When you decline an invitation to yourself
What happens when the experiences we are rejecting don't come from the invitation of other people? If I make an excuse to myself for why I didn't start going to the gym this year, whose feelings am I protecting?
You can become dependent on excuses as you can be on any substance. I'm not going to tell you the clichéd advice to “get out of your comfort zone” because the truth is that this zone is great, it has my bed, my favorite tv show, and snacks, but I would advise you to expand your comfort zone.
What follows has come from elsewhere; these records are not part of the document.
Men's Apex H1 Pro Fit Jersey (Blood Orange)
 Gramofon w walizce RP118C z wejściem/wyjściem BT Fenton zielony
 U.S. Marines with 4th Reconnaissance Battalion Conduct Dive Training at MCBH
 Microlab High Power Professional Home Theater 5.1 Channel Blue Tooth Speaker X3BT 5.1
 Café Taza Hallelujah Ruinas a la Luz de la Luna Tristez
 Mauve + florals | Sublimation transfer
You don't have to stop reading this right now and go bungee jumping off a bridge (finish reading first, please), we are not all born to be extreme athletes nor do we have to be. But you must realize when you give yourself permission to say “no” to everything. It's okay to avoid unpleasant situations, but the way to do it is not to avoid all situations in general.
“I was going to be a pro but I hurt my knee" or maybe you didn't try hard enough.
The best way to stop making excuses as a habit is to set yourself little challenges every day. Many people fail to change their lifestyle because they are forced to live very great experiences overnight and that leads them to re-cease to the zone of excuses. Start by accepting that coffee at the end of work with your colleagues.
Stop justifying yourself all the time, when you really can't accept an invitation a simple “I can't today, but see you next time” is enough.
Accept the fact that you cannot please everyone, work first for the image that you have of yourself before worrying about how others see you. Start saying "yes" to yourself and you will see how the experiences will come by themselves and you will not be afraid to accept them.
Allow yourself to make mistakes. We make excuses to ourselves because we are afraid of failure. When you accept that you will not be successful at everything the first time, you allow yourself to keep trying. The first key to achieving goals is consistency.
Accept the little challenges of the day-to-day, and leave excuses only for when they are very necessary.
Now, if you'll allow me, I have to go to dinner with a friend.